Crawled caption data
------------------------------------------------------------
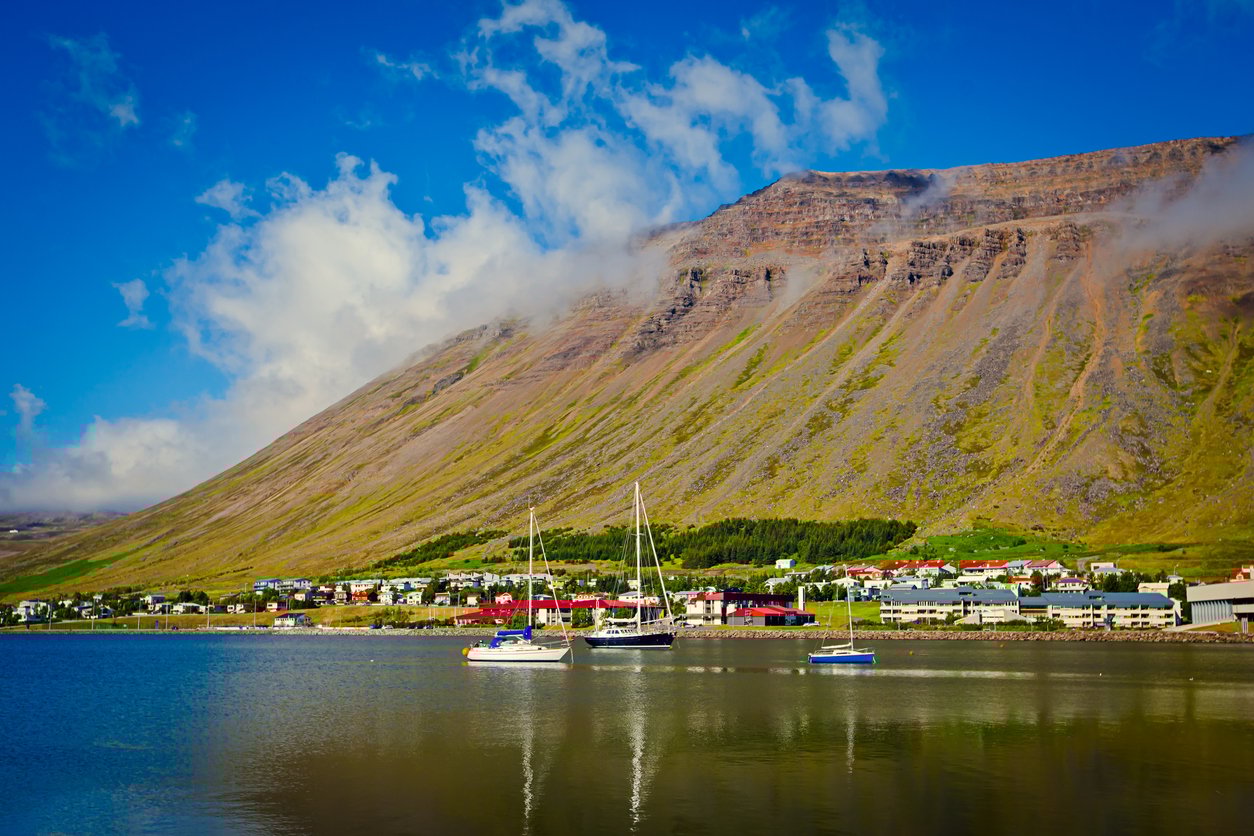 The vedute of the town of Isafjordur, bordered by the ocean and a steep mountain, the largest town of Westfjords, Iceland.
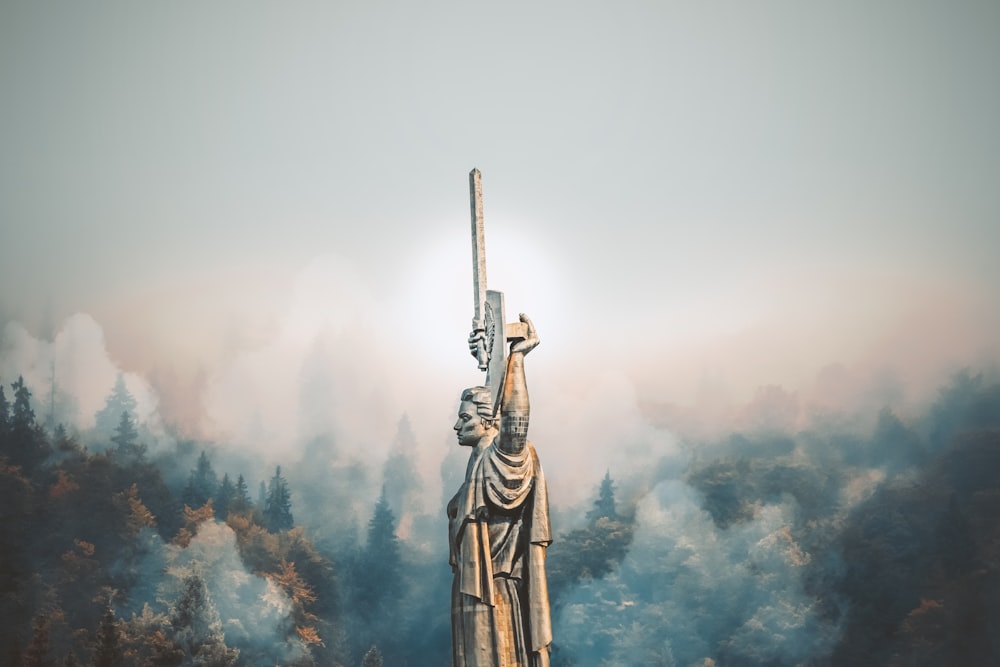 person standing on cliff painting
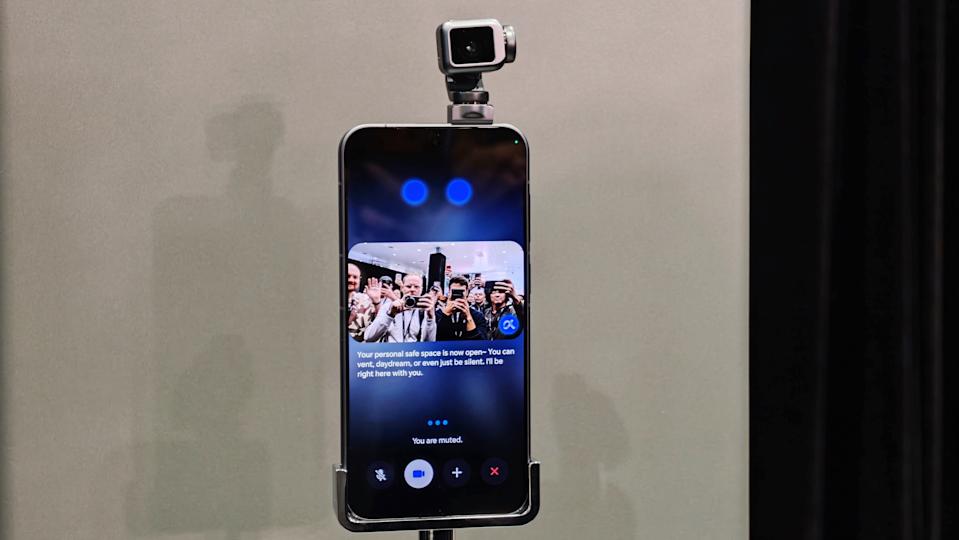 Honor's Robot Phone, a smartphone with a gimbal-mounted camera that folds out to sit on top of it, is shown on a stand at MWC displaying a live image of the reporters photographing it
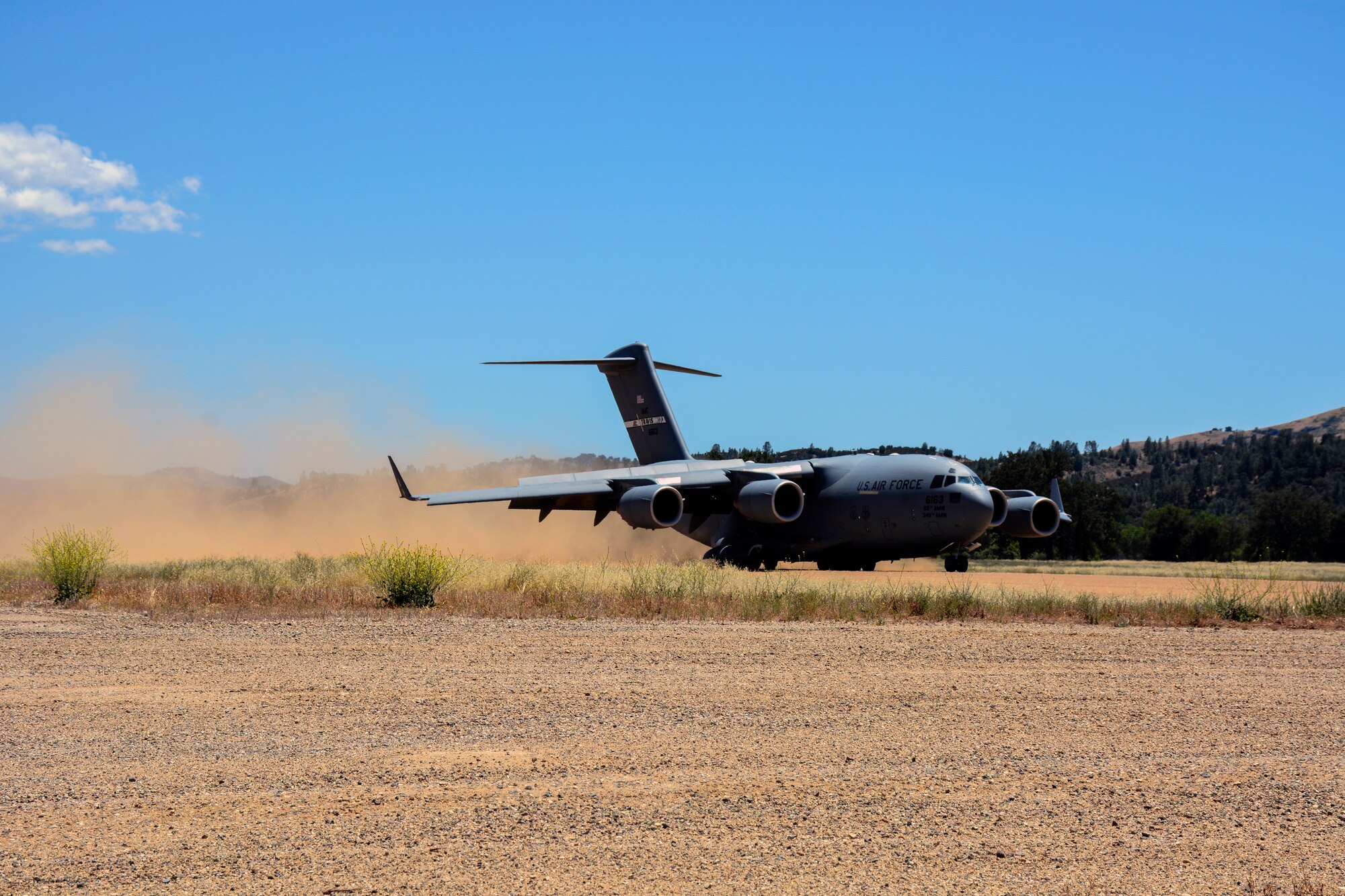 TRAVIS AIR FORCE BASE, Calif. -- The 301st Airlift Squadron provided airlift in a C-17 Globemaster III June 6, 2015 for more than 70 California Army Guardsmen, four humvees and one truck from Mather Air Force Base, Calif. to Ft. Hunter Liggett, Calif. as part of an earthquake exercise during Air Force Specialty Code training.The overall exercise provided a seamless integrated training experience for Air Force Reservists, active duty and Army National Guard service members. (U.S. Air Force photo/Senior Airman Madelyn Brown)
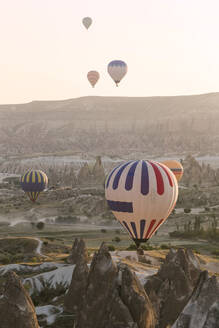 Bunte Heißluftballons fliegen bei Sonnenuntergang über das Land im Goreme-Nationalpark, Kappadokien, Türkei - KNTF03279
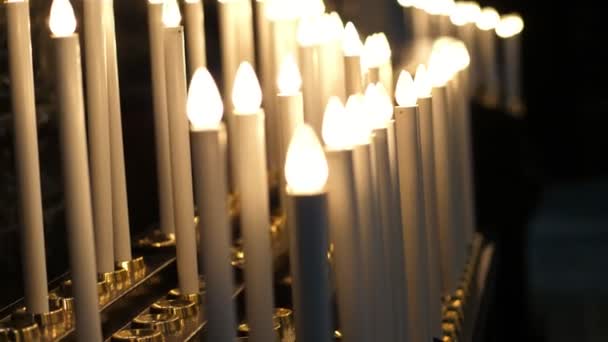 OROPA, BIELLA, ITALIA - 7 DE JULIO DE 2018: de cerca, muchas velas eléctricas encendidas en el altar de la iglesia católica. Santuario de Oropa, Santuario, en las montañas cerca de la ciudad de Biella, Piamonte, Italia . — Vídeo de stock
------------------------------------------------------------
**What to work on:** What you return must match the records exactly, apart from the images, which are omitted.

**Reply:**
 The vedute of the town of Isafjordur, bordered by the ocean and a steep mountain, the largest town of Westfjords, Iceland.
 person standing on cliff painting
 Honor's Robot Phone, a smartphone with a gimbal-mounted camera that folds out to sit on top of it, is shown on a stand at MWC displaying a live image of the reporters photographing it
 TRAVIS AIR FORCE BASE, Calif. -- The 301st Airlift Squadron provided airlift in a C-17 Globemaster III June 6, 2015 for more than 70 California Army Guardsmen, four humvees and one truck from Mather Air Force Base, Calif. to Ft. Hunter Liggett, Calif. as part of an earthquake exercise during Air Force Specialty Code training.The overall exercise provided a seamless integrated training experience for Air Force Reservists, active duty and Army National Guard service members. (U.S. Air Force photo/Senior Airman Madelyn Brown)
 Bunte Heißluftballons fliegen bei Sonnenuntergang über das Land im Goreme-Nationalpark, Kappadokien, Türkei - KNTF03279
 OROPA, BIELLA, ITALIA - 7 DE JULIO DE 2018: de cerca, muchas velas eléctricas encendidas en el altar de la iglesia católica. Santuario de Oropa, Santuario, en las montañas cerca de la ciudad de Biella, Piamonte, Italia . — Vídeo de stock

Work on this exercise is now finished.